De la même façon, la société appelante qui reproche à son franchiseur, un abandon du réseau par absence d'entretien et d'évolution du concept depuis sa création en 1980, ne fournit aucune preuve concrète de ses allégations sinon par l'appréciation négative qu'elle fait du contenu et des retombées de la participation de la marque Jack Holt au séminaire de Vittel, qui s'est tenu d'ailleurs après la notification du préavis de résiliation du 26 mars 2002 et sur lequel sont produites des appréciations favorables, mais tout aussi subjectives, par la société Formaholt.

Enfin, la société appelante n'établit pas les manœuvres et pressions qui auraient été exercées sur la personne de sa gérante ou du mari de celle-ci.

Le jugement qui a débouté la société appelante de sa demande de résiliation du contrat aux torts du franchiseur et de ses demandes de remboursement de redevances et de dommages-intérêts, doit être confirmé, ayant exactement constaté que cette résiliation brutale du contrat était imputable à la société franchisée qui a cessé le paiement de ses redevances à compter de février 2002.

Sur les demandes de la société Formaholt

Le jugement entrepris a exactement condamné la société CMJP à indemniser la société Formaholt de son préjudice résultant du non-paiement des redevances à compter de février 2002 jusqu'au terme normal du contrat soit la somme totale de 15 167,80 euro outre intérêts au taux légal en fonction de la date du paiement provisionnel qui doit venir en déduction.

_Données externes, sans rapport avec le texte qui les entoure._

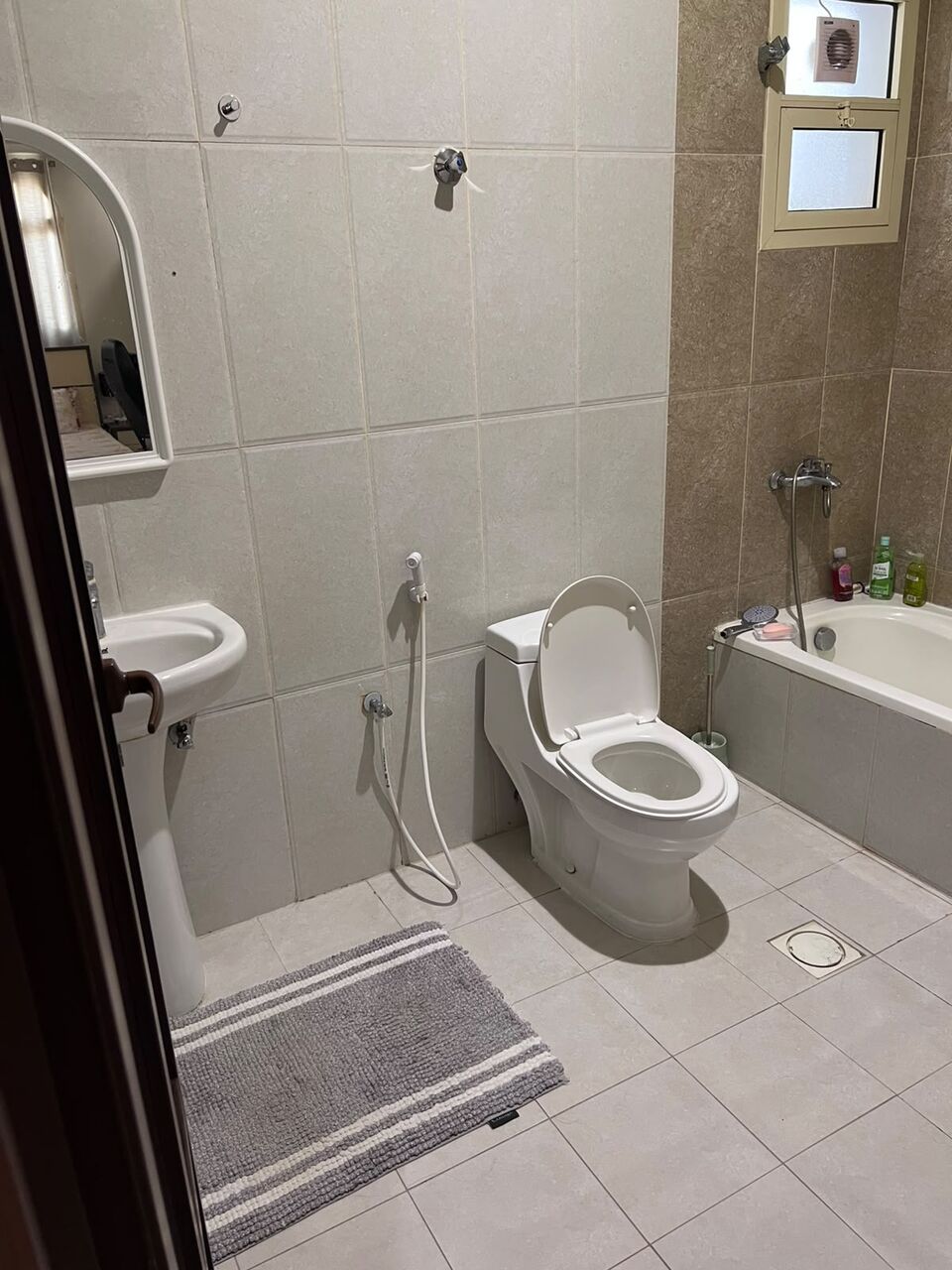Jubail, Apartments, Flats, Houses & Villas, SAR 28000/month,  Furnished,  3 BR,  Three Bed Furnished Apartment With Furniture And Electronics - Khaldiyah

Sur le fondement de l'article 1152 du Code civil, ce même jugement a exactement réduit la somme réclamée au titre de pénalités de retard sur le paiement des redevances, cette pénalité contractuelle de 5 % par semaine de retard étant manifestement excessive par rapport au préjudice subi par la société Formaholt du fait de ce retard mais devant être ramenée seulement à 1 500 euro.

Par ailleurs, le départ anticipé et brutal de la société franchisée en même temps que les six autres franchisés gérés par Madame Chetail a nécessairement causé un trouble commercial à la société Formaholt dont le réseau, qui compte moins de 100 salons, a été ainsi affaibli.

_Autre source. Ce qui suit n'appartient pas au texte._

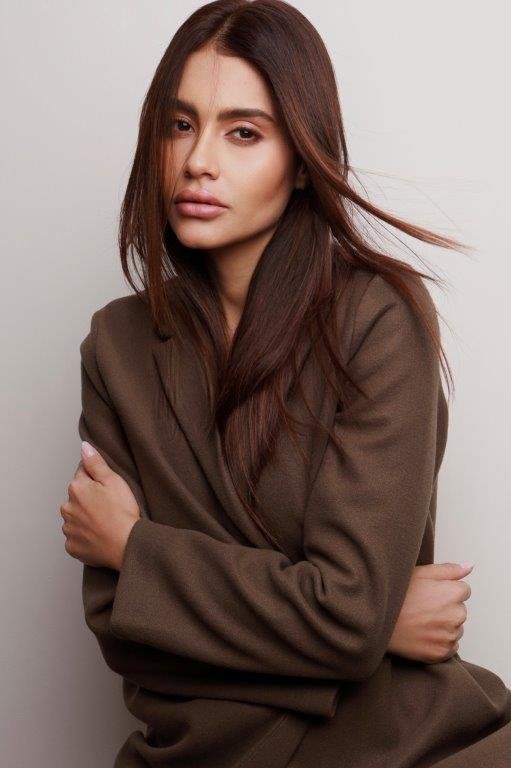 Isadora Meira - Front Management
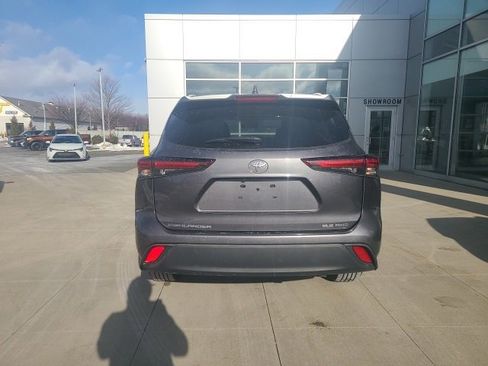 Used 2024 Toyota Highlander XLE image 6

En outre et jusqu'au 25 octobre 2002, date du dépôt par Madame Chetail de la marque "Où sont les femmes", la société franchisée ne justifie pas avoir cessé d'utiliser, dans son salon, les signes distinctifs de la franchise Formaholt et le numéro de téléphone figurant à l'enseigne Jack Holt, et a, dans ces conditions, détourné la clientèle et violé la clause de non-concurrence régulièrement prévue au contrat, comme non soumise aux dispositions communautaires et nécessaire à la protection du réseau.

Eu égard toutefois à la durée de ces manquements, dont il n'est pas établi qu'ils aient perduré au-delà du terme normal du contrat, et à la taille du réseau, le préjudice global occasionné par ces manquements doit être indemnisé à hauteur de 10 000 euro.

Le jugement doit donc être infirmé sur la somme retenue au titre des pénalités de retard et sur le sort et le montant des dommages-intérêts complémentaires.

La société CMJP doit être condamnée à verser une indemnité complémentaire au titre de l'article 700 du nouveau Code de procédure civile de 2 000 euro.

Par ces motifs, LA COUR, Confirme le jugement entrepris en toutes ses dispositions sauf sur la somme allouée au titre des pénalités de retard et sur le sort et le montant des dommages-intérêts complémentaires; Et statuant à nouveau sur ces chefs de demande : Condamne la société CMJP à payer à la société Formaholt : - la somme de 1 500 euro au titre des pénalités de retard, - la somme de 10 000 euro de dommages-intérêts pour le préjudice complémentaire; Y ajoutant : Condamne la société CMJP à payer à la société Formaholt la somme de 2 000 euro sur le fondement de l'article 700 du nouveau Code de procédure civile; Condamne la société CJMP aux dépens d'appel qui seront distraits au profit de la SCP Junillon & Wicky, avoué.